1. Installs the RDMA / UCX runtime deps on top of the dsv4 vLLM image (`libibverbs1`, `rdma-core`, `ibverbs-utils`, `libibumad3`, `libnuma1`, `librdmacm1`, `ibverbs-providers`, plus `ca-certificates`, `jq`, `curl`).
2. Applies a small upstream vLLM patch to the sparse attention indexer (drops the unsupported `topk=1024`). Remove once [vLLM PR #40760](https://github.com/vllm-project/vllm/pull/40760) lands in the base image.
3. Copies the static `nats-server` and `etcd` binaries from the Dynamo runtime image.
4. Copies UCX into `/usr/local/ucx` and NIXL into `/opt/nvidia/nvda_nixl`, with `LD_LIBRARY_PATH` set so NIXL's plugins resolve at runtime.
5. Installs the Dynamo Python wheels (`ai_dynamo_runtime`, `ai_dynamo`, NIXL Python bindings) into the dsv4 image's system Python 3.12.
6. Copies the `dynamo` Python package tree into `/workspace/components/src/dynamo` and puts it on `PYTHONPATH` so `python3 -m dynamo.vllm` resolves.

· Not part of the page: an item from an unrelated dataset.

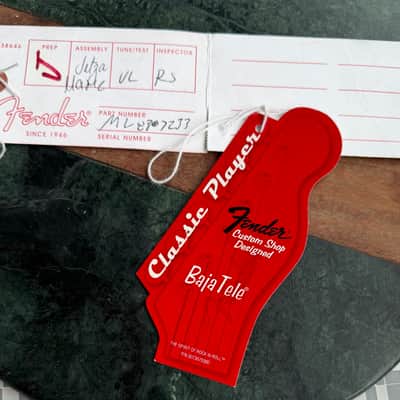 Fender Baja Telecaster Inspection tag and Hang tag - 2009 image 1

7. Keeps vLLM's FlashInfer sampler enabled (`VLLM_USE_FLASHINFER_SAMPLER=1`) and clears `ENTRYPOINT` so the Dynamo CRD operator's `command` / `args` take effect.

## Troubleshooting

- **`pull access denied for dynamo:latest-vllm-runtime`** — Step 1 has not been run (or produced a different tag). Build the Dynamo vLLM runtime image locally per [`<repo_root>/container/README.md`](../../../container/README.md), or override `--build-arg DYNAMO_SRC_IMAGE=<your-image>`.

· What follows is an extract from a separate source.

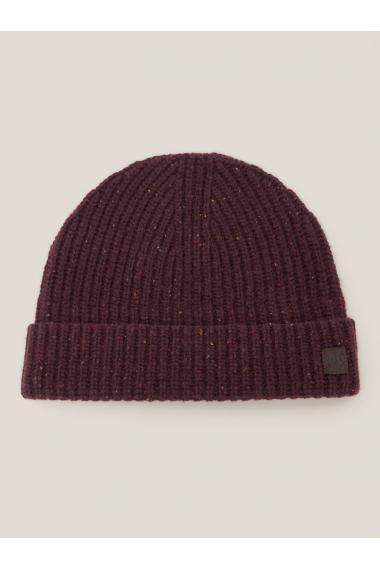 White Stuff Wool Ribbed Beanie in DK PLUM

- **`no matching manifest for linux/amd64`** — the dsv4 base is amd64-only today; build on an x86_64 host.
- **CUDA version mismatch on the host** — use `DSV4_BASE_IMAGE=vllm/vllm-openai:deepseekv4-cu129` if your node is still on CUDA 12.9.
- **NIXL plugins not found at runtime** — confirm `LD_LIBRARY_PATH` includes `/opt/nvidia/nvda_nixl/lib64/plugins` (set in the Dockerfile; don't unset it in the pod spec).